This repository helps to clean, filter and deduplicate conversation datasets.
Open Source Community rules the world, so please contribute: open Pull Request or create an Issue.
Star this repository:
Clone and install dependencies:
git clone https://github.com/AlekseyKorshuk/chat-data-pipeline
cd chat-data-pipeline
pip install -r requirements.txt
We will prepare very small dataset of instructions:
python3 main.py --config_path ./experiments/tiny-example.yaml
You can take a look at the YAML file to discover the structure of the config.
Initial dataset has the following structure of one sample:
{
"conversation": [
{
"content": "Explain the main differences between an alligator and a crocodile.",
"do_train": false,
"role": "User"
},
{
"content": "Alligators and crocodiles belong to the same order, Crocodilia, but they have several differences. 1) Shape of the snout: Alligators have a U-shaped, wider snout, while crocodiles have a more pointed, V-shaped snout. 2) Teeth placement: In an alligator, lower teeth are mostly hidden when its mouth is closed, while in a crocodile, the fourth lower tooth is visible even when the mouth is closed. 3) Habitat: Alligators are mostly found in freshwater habitats such as swamps and rivers, while crocodiles can be found in both freshwater and saltwater habitats. 4) Distribution: Alligators are mainly found in the southeastern United States and parts of China, whereas crocodiles have a more widespread distribution across Africa, Asia, the Americas, and Australia.",
"do_train": true,
"role": "Assistant"
}
]
}
This example could have more conversation turns: User, Assistant, User, Assistant...

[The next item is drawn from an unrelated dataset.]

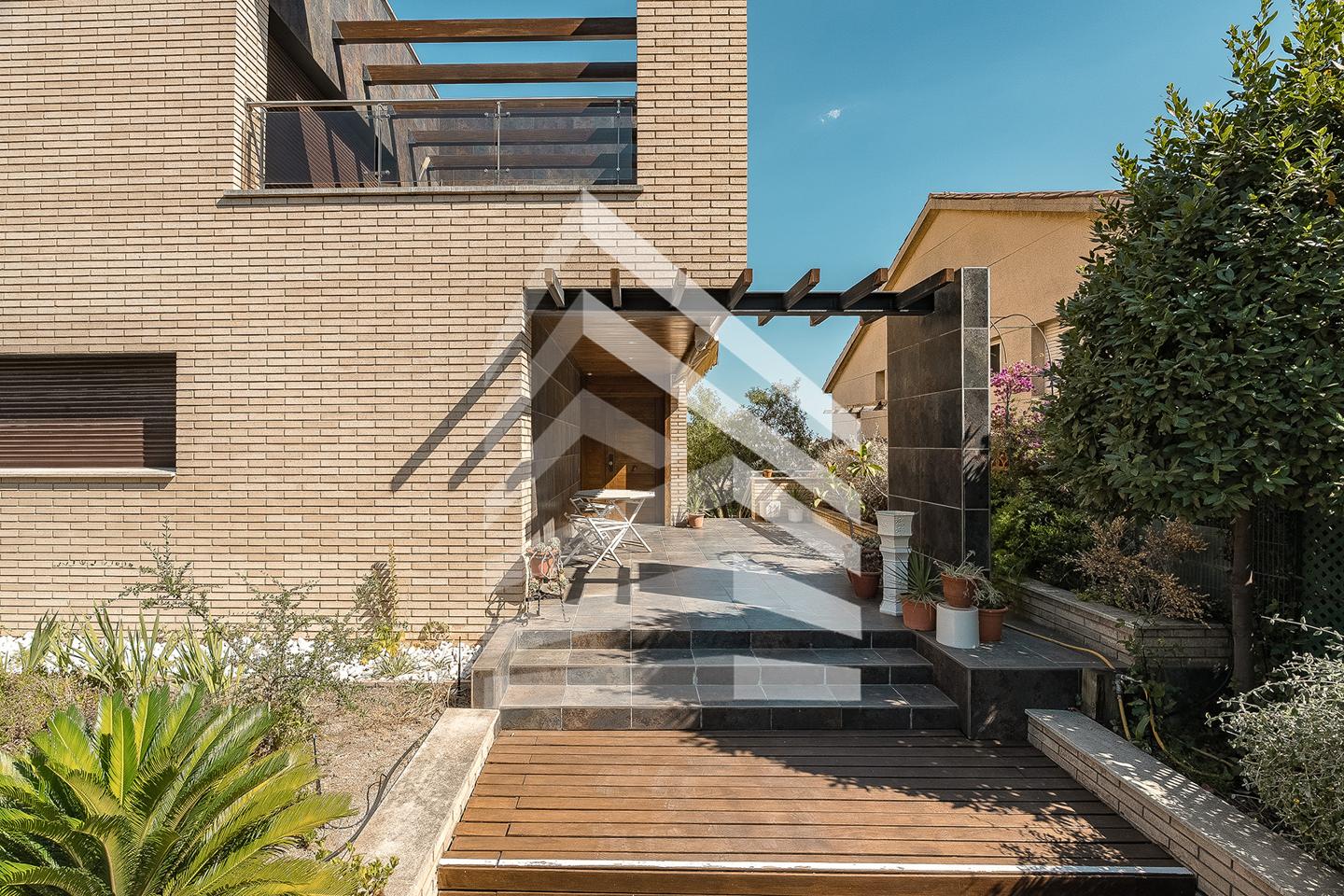 villas en sant-just-desvern · carrer-cacadors-08960 €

As well role can be "System" at the very first item in the list.
In general, you can use this for any dataset that has a string column. Here is an example usage:
from datasets import load_dataset
from chat_data_pipeline import utils
from chat_data_pipeline.preprocessor import DataPreprocessor
from chat_data_pipeline import cleaners as cln
from chat_data_pipeline import filters as ftr
dataset = load_dataset("AlekseyKorshuk/tiny-imdb", split="train")
deduplication_config = {
'do_deduplication': True,
'minhash_config': {
'ngram_size': 5,
'num_perm': 256,
'threshold': 0.7,
'min_ngram_size': 5
}
}
cleaners = [cln.fix_utf8_encoding, cln.normalize_punctuation, cln.remove_empty_lines]
filters = [
utils.custom_partial(ftr.check_word_number,
min_word_threshold=0,
max_word_threshold=10000),
]
preprocessor = DataPreprocessor(
dataset=dataset,
column_name="text",
cleaners=cleaners,
filters=filters,
deduplication_config=deduplication_config,
verbose=False,
)
preprocessed_dataset = preprocessor.run()
This is a friendly fork of Squeakily by CarperAI, but this repository aims at conversation data, uses pandas to speed up the pipeline and latest near deduplication.